>>
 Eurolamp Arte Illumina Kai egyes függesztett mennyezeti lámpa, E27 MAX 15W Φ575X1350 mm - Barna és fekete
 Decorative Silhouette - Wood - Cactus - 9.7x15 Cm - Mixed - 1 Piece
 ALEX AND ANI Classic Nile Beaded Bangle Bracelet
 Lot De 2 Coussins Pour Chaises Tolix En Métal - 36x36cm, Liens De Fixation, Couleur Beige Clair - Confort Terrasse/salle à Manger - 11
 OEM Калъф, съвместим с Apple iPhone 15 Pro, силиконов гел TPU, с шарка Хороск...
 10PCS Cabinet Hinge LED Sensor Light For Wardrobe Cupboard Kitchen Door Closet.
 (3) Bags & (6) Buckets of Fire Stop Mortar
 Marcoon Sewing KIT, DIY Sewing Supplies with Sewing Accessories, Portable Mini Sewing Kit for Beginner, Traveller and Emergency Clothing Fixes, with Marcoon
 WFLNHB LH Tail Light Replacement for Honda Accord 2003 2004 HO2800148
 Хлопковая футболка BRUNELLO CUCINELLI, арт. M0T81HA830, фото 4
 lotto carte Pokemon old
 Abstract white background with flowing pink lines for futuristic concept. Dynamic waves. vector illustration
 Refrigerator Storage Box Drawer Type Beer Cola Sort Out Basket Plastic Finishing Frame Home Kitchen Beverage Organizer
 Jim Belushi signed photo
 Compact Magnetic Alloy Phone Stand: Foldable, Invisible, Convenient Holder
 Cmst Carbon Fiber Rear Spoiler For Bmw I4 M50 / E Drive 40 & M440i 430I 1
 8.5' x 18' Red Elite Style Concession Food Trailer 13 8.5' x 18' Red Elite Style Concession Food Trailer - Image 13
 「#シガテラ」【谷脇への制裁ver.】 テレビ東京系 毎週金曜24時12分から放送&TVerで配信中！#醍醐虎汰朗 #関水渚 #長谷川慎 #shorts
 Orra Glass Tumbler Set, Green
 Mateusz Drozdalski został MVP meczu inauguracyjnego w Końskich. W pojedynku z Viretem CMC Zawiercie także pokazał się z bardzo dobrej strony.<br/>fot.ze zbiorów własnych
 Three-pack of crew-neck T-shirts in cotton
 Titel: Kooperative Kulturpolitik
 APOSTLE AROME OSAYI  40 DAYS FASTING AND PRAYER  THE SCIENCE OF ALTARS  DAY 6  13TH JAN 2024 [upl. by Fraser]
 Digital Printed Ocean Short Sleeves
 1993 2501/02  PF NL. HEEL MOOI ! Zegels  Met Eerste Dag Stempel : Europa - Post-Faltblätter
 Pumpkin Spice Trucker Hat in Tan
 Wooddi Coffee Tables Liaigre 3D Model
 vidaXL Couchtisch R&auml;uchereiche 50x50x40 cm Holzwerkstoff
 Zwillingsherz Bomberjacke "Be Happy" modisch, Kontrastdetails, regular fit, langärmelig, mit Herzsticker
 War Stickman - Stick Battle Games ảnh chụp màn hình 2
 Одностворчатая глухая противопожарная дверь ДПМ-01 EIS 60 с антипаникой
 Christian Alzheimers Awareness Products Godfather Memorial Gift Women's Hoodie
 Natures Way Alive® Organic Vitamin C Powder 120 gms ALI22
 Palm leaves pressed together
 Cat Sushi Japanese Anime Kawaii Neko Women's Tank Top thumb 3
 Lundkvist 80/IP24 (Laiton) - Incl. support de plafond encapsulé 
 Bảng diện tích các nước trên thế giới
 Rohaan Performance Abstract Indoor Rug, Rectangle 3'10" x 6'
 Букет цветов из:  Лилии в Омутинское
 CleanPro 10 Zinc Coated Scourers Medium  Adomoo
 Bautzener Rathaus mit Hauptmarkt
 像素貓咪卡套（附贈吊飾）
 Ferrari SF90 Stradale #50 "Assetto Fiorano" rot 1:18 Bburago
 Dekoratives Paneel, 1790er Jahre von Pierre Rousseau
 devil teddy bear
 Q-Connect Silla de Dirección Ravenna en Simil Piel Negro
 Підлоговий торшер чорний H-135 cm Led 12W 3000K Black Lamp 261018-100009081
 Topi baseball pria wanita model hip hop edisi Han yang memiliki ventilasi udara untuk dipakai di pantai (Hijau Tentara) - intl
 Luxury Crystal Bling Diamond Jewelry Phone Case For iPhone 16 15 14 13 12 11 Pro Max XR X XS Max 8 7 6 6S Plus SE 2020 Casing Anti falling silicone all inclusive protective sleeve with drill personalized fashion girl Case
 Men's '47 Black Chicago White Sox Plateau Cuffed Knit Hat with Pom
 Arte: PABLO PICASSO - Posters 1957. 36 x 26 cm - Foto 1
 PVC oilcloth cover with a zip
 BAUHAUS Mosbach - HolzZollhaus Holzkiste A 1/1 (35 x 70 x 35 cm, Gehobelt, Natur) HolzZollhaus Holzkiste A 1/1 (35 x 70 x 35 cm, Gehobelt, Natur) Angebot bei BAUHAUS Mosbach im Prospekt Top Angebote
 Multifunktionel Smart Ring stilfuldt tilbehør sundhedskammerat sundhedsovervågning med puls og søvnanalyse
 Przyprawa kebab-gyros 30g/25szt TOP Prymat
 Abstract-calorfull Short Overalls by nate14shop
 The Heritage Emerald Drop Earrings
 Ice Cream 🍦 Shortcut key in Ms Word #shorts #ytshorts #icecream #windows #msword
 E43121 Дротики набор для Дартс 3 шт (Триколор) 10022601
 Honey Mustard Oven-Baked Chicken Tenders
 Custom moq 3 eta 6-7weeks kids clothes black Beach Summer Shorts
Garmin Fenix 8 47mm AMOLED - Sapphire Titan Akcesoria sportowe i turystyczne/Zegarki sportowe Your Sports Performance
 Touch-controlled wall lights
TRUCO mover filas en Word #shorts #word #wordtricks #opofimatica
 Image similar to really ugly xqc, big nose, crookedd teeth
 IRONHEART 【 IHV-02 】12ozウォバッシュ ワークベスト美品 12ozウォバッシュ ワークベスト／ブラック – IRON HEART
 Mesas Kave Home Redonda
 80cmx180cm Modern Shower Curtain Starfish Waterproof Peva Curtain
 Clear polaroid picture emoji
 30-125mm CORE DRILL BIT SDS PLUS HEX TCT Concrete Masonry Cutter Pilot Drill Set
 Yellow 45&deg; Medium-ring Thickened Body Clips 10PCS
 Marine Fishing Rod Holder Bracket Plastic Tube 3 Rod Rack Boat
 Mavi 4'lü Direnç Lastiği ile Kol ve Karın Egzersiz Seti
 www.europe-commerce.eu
<<
*TASK REQUIREMENTS:* Give back each record above exactly as written.

*ANSWER BOX:*
 Eurolamp Arte Illumina Kai egyes függesztett mennyezeti lámpa, E27 MAX 15W Φ575X1350 mm - Barna és fekete
 Decorative Silhouette - Wood - Cactus - 9.7x15 Cm - Mixed - 1 Piece
 ALEX AND ANI Classic Nile Beaded Bangle Bracelet
 Lot De 2 Coussins Pour Chaises Tolix En Métal - 36x36cm, Liens De Fixation, Couleur Beige Clair - Confort Terrasse/salle à Manger - 11
 OEM Калъф, съвместим с Apple iPhone 15 Pro, силиконов гел TPU, с шарка Хороск...
 10PCS Cabinet Hinge LED Sensor Light For Wardrobe Cupboard Kitchen Door Closet.
 (3) Bags & (6) Buckets of Fire Stop Mortar
 Marcoon Sewing KIT, DIY Sewing Supplies with Sewing Accessories, Portable Mini Sewing Kit for Beginner, Traveller and Emergency Clothing Fixes, with Marcoon
 WFLNHB LH Tail Light Replacement for Honda Accord 2003 2004 HO2800148
 Хлопковая футболка BRUNELLO CUCINELLI, арт. M0T81HA830, фото 4
 lotto carte Pokemon old
 Abstract white background with flowing pink lines for futuristic concept. Dynamic waves. vector illustration
 Refrigerator Storage Box Drawer Type Beer Cola Sort Out Basket Plastic Finishing Frame Home Kitchen Beverage Organizer
 Jim Belushi signed photo
 Compact Magnetic Alloy Phone Stand: Foldable, Invisible, Convenient Holder
 Cmst Carbon Fiber Rear Spoiler For Bmw I4 M50 / E Drive 40 & M440i 430I 1
 8.5' x 18' Red Elite Style Concession Food Trailer 13 8.5' x 18' Red Elite Style Concession Food Trailer - Image 13
 「#シガテラ」【谷脇への制裁ver.】 テレビ東京系 毎週金曜24時12分から放送&TVerで配信中！#醍醐虎汰朗 #関水渚 #長谷川慎 #shorts
 Orra Glass Tumbler Set, Green
 Mateusz Drozdalski został MVP meczu inauguracyjnego w Końskich. W pojedynku z Viretem CMC Zawiercie także pokazał się z bardzo dobrej strony.<br/>fot.ze zbiorów własnych
 Three-pack of crew-neck T-shirts in cotton
 Titel: Kooperative Kulturpolitik
 APOSTLE AROME OSAYI  40 DAYS FASTING AND PRAYER  THE SCIENCE OF ALTARS  DAY 6  13TH JAN 2024 [upl. by Fraser]
 Digital Printed Ocean Short Sleeves
 1993 2501/02  PF NL. HEEL MOOI ! Zegels  Met Eerste Dag Stempel : Europa - Post-Faltblätter
 Pumpkin Spice Trucker Hat in Tan
 Wooddi Coffee Tables Liaigre 3D Model
 vidaXL Couchtisch R&auml;uchereiche 50x50x40 cm Holzwerkstoff
 Zwillingsherz Bomberjacke "Be Happy" modisch, Kontrastdetails, regular fit, langärmelig, mit Herzsticker
 War Stickman - Stick Battle Games ảnh chụp màn hình 2
 Одностворчатая глухая противопожарная дверь ДПМ-01 EIS 60 с антипаникой
 Christian Alzheimers Awareness Products Godfather Memorial Gift Women's Hoodie
 Natures Way Alive® Organic Vitamin C Powder 120 gms ALI22
 Palm leaves pressed together
 Cat Sushi Japanese Anime Kawaii Neko Women's Tank Top thumb 3
 Lundkvist 80/IP24 (Laiton) - Incl. support de plafond encapsulé 
 Bảng diện tích các nước trên thế giới
 Rohaan Performance Abstract Indoor Rug, Rectangle 3'10" x 6'
 Букет цветов из:  Лилии в Омутинское
 CleanPro 10 Zinc Coated Scourers Medium  Adomoo
 Bautzener Rathaus mit Hauptmarkt
 像素貓咪卡套（附贈吊飾）
 Ferrari SF90 Stradale #50 "Assetto Fiorano" rot 1:18 Bburago
 Dekoratives Paneel, 1790er Jahre von Pierre Rousseau
 devil teddy bear
 Q-Connect Silla de Dirección Ravenna en Simil Piel Negro
 Підлоговий торшер чорний H-135 cm Led 12W 3000K Black Lamp 261018-100009081
 Topi baseball pria wanita model hip hop edisi Han yang memiliki ventilasi udara untuk dipakai di pantai (Hijau Tentara) - intl
 Luxury Crystal Bling Diamond Jewelry Phone Case For iPhone 16 15 14 13 12 11 Pro Max XR X XS Max 8 7 6 6S Plus SE 2020 Casing Anti falling silicone all inclusive protective sleeve with drill personalized fashion girl Case
 Men's '47 Black Chicago White Sox Plateau Cuffed Knit Hat with Pom
 Arte: PABLO PICASSO - Posters 1957. 36 x 26 cm - Foto 1
 PVC oilcloth cover with a zip
 BAUHAUS Mosbach - HolzZollhaus Holzkiste A 1/1 (35 x 70 x 35 cm, Gehobelt, Natur) HolzZollhaus Holzkiste A 1/1 (35 x 70 x 35 cm, Gehobelt, Natur) Angebot bei BAUHAUS Mosbach im Prospekt Top Angebote
 Multifunktionel Smart Ring stilfuldt tilbehør sundhedskammerat sundhedsovervågning med puls og søvnanalyse
 Przyprawa kebab-gyros 30g/25szt TOP Prymat
 Abstract-calorfull Short Overalls by nate14shop
 The Heritage Emerald Drop Earrings
 Ice Cream 🍦 Shortcut key in Ms Word #shorts #ytshorts #icecream #windows #msword
 E43121 Дротики набор для Дартс 3 шт (Триколор) 10022601
 Honey Mustard Oven-Baked Chicken Tenders
 Custom moq 3 eta 6-7weeks kids clothes black Beach Summer Shorts
Garmin Fenix 8 47mm AMOLED - Sapphire Titan Akcesoria sportowe i turystyczne/Zegarki sportowe Your Sports Performance
 Touch-controlled wall lights
TRUCO mover filas en Word #shorts #word #wordtricks #opofimatica
 Image similar to really ugly xqc, big nose, crookedd teeth
 IRONHEART 【 IHV-02 】12ozウォバッシュ ワークベスト美品 12ozウォバッシュ ワークベスト／ブラック – IRON HEART
 Mesas Kave Home Redonda
 80cmx180cm Modern Shower Curtain Starfish Waterproof Peva Curtain
 Clear polaroid picture emoji
 30-125mm CORE DRILL BIT SDS PLUS HEX TCT Concrete Masonry Cutter Pilot Drill Set
 Yellow 45&deg; Medium-ring Thickened Body Clips 10PCS
 Marine Fishing Rod Holder Bracket Plastic Tube 3 Rod Rack Boat
 Mavi 4'lü Direnç Lastiği ile Kol ve Karın Egzersiz Seti
 www.europe-commerce.eu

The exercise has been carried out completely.